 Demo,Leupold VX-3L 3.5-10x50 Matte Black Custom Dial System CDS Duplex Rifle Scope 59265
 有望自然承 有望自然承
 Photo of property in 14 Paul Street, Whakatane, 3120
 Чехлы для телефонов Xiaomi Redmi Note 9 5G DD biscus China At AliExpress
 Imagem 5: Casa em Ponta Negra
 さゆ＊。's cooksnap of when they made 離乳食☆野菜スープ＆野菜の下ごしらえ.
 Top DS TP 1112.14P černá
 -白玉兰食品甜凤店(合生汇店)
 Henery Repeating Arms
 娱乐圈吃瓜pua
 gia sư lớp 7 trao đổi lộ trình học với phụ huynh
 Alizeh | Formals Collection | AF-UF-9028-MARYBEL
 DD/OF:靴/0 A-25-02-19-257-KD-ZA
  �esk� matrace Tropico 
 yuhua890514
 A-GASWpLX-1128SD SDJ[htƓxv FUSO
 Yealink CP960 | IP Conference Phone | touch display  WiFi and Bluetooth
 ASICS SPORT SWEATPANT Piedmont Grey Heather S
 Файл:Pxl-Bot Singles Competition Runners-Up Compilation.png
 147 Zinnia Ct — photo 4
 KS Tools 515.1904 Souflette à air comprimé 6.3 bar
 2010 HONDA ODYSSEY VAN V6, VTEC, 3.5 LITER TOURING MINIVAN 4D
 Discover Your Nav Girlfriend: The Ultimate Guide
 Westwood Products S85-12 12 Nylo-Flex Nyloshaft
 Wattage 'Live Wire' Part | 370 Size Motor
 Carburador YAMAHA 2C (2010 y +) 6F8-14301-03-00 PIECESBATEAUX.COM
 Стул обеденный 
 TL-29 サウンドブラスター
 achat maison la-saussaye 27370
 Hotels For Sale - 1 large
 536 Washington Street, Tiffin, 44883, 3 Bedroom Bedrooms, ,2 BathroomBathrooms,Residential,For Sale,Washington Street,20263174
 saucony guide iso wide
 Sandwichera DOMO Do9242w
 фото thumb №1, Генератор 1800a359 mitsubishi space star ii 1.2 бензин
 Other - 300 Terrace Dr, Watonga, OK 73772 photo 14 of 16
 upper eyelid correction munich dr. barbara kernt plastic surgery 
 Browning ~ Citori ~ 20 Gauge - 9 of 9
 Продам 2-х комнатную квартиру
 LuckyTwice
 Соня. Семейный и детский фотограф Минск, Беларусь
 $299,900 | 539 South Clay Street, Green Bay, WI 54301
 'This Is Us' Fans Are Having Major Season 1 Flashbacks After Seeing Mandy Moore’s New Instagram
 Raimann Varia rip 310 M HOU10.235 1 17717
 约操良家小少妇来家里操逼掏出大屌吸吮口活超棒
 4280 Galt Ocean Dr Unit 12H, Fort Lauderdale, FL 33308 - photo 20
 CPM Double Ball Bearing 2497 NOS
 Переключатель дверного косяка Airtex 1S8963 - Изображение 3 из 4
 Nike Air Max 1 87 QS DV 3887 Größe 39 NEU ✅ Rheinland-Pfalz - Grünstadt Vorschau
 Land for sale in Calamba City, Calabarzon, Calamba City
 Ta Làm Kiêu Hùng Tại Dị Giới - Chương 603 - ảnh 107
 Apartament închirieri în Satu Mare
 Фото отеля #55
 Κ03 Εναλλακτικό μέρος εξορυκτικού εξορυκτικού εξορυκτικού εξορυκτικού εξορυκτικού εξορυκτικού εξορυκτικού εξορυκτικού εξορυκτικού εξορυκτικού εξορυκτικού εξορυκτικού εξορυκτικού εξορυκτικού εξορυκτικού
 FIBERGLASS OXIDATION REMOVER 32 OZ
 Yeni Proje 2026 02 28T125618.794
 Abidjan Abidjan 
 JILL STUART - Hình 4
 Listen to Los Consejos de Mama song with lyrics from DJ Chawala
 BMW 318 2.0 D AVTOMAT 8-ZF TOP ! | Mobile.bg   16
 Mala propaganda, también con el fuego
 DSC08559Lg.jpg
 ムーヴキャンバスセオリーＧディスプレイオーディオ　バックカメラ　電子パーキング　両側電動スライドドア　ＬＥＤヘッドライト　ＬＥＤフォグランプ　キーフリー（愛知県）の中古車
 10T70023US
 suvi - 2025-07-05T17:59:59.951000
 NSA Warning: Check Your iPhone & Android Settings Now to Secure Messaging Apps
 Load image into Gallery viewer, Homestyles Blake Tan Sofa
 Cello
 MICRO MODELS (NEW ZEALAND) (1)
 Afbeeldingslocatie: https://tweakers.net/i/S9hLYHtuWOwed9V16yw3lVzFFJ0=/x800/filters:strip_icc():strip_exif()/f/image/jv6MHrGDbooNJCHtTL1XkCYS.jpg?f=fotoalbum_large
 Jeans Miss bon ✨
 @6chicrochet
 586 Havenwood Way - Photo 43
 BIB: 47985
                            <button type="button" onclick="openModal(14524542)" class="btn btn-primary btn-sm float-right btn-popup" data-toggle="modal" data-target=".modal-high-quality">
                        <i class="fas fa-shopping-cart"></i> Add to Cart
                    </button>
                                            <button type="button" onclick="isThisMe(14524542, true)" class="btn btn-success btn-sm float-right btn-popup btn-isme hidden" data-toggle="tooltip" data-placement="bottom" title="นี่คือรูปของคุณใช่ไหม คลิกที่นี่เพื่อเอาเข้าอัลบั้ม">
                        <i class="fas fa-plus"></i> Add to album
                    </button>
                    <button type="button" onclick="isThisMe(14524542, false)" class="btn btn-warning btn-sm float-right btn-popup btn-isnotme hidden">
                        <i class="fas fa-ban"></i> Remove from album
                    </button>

____

Activity: Where a line of the entries holds the string "isThisMe", include it in the count, and give only the final number.

Result of this exercise: 2